MACON, Ga. — Central Georgia’s LGBTQ+ community is celebrating Macon Pride this week, and a weekend full of festivities is being kicked off by a drag show.
Drag shows have been happening across Macon for many years and drag performances are continuing to grow in popularity. But what is drag?
The origin of drag as an artform can be traced back as far as Ancient Greece until as recent as vaudeville performances near the end of the 19th century.
Drag performers are not only queens, but there are drag kings and many non-binary people who also do drag.
“It’s a political statement,” said drag performer, Yutoya Avaze Leon. “It’s like raging against the machine. It’s messing with gender expression, it doesn’t even have much to do with sexuality. It’s literally just expression."
Yutoya is a member of The Tribe, Macon’s five-queen drag troupe.
“Basically -- for me -- drag ultimately gives you the opportunity to be yourself, live your freedom, speak your freedom, dance your freedom and give everybody a political viewpoint of how you feel and how your expression should be shown,” said Tribe member Akasha Giselle Vidalle.
Another Tribe member, Christina Leon, says the best thing about being a drag queen is interacting with people at shows.
“My favorite thing is to interact with the audience. Whenever you interact with people and they smile or are yelling, they’re freaking out and are just happy to see you... that is the funnest thing in the world,” said Leon.
While the presence of drag is growing around the world, many queens feel it's also important to emphasize its origins and herstory.
“Even though being a drag queen and being transgender are two completely different things, it's two completely different levels. It starts with black trans women,” Yutoya said. “Black trans women paved the way for the drag community.”
Yutoya says that drag queens take on the legacy of women like Marsha P. Johnson, a transgender woman and drag queen who was at the Stonewall Riots in 1969.

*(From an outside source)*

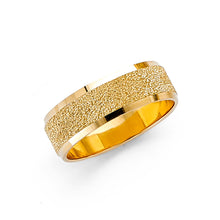 Ioka Jewelry - 14K Yellow Solid Gold 6mm Fancy Women's Wedding Band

They also attributed their ability to do drag in Central Georgia to local queens like Tangerine Summers and Ravion Starr Alexandria St. James.
“When you spectate, you’re supporting the trans community, the queer community, and of course drag queens,” said Yutoya.

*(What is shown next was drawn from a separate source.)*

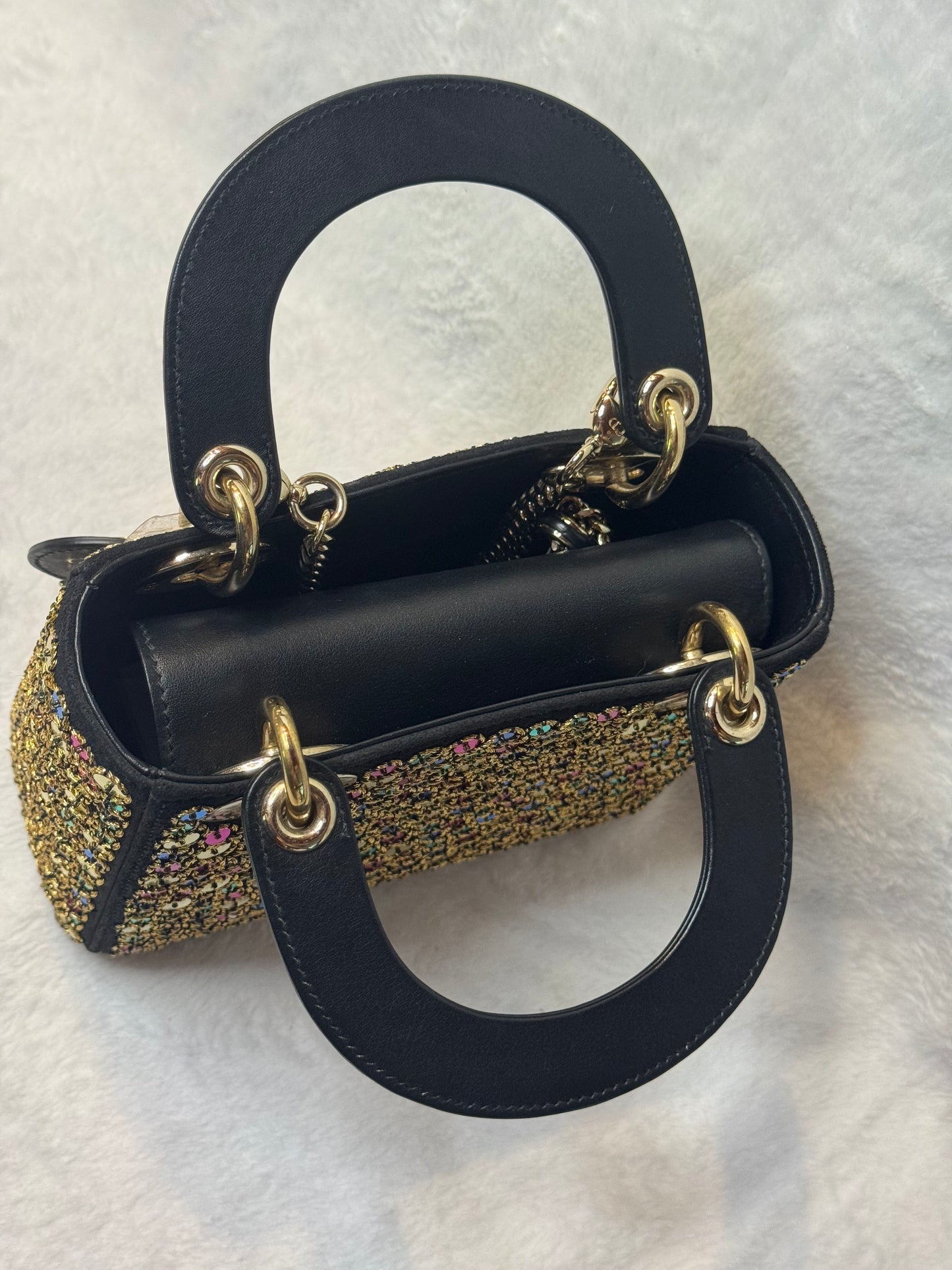 Christian Dior Lady Dior Mini Multicolor Sequins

Macon Pride is important to all three queens because it's a way to engage with the community they've been living and working in for many years.
“It gives the community not just a party, but an actual vocal ability or an ability to be seen,” said Vidalle.

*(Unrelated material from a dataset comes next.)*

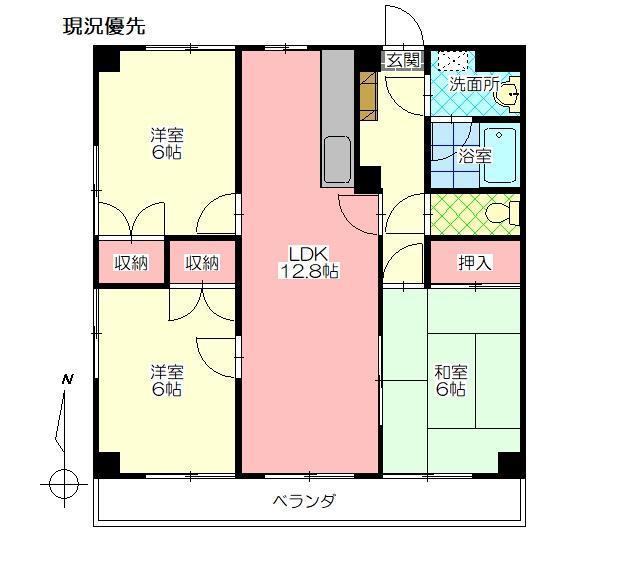 エスケイビル船小路33号の間取り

Leon says that it's important to have pride in places like Macon so that the joy of the festival can reach LGBTQ+ folx everywhere.
“It’s just very important that rural areas have pride because big cities... they can do whatever, they can let off balloons, but when these small towns get together you know we have a good, ghetto time,” she said.
Yutoya says that Macon Pride is important because it allows young LGBTQ+ folx to find support in their community.
“That’s why Macon Pride is important to me, this is an opportunity for kids to go out there and know that they’re going to be accepted, they’re going to be loved, and that there is a whole community of people who are going to stand up for them and it's beautiful, honestly,” she said.
The Macon Pride House Party will be held on Sept 24 at the Hargray Capitol Theater. It will feature members of The Tribe and LaLaRi from Season 13 of RuPaul’s Drag Race.
There will be a meet and greet at 7 p.m. and the show will begin at 8 p.m. Tickets start at $15.
Guests will have to wear a mask in the theater and undergo a temperature check.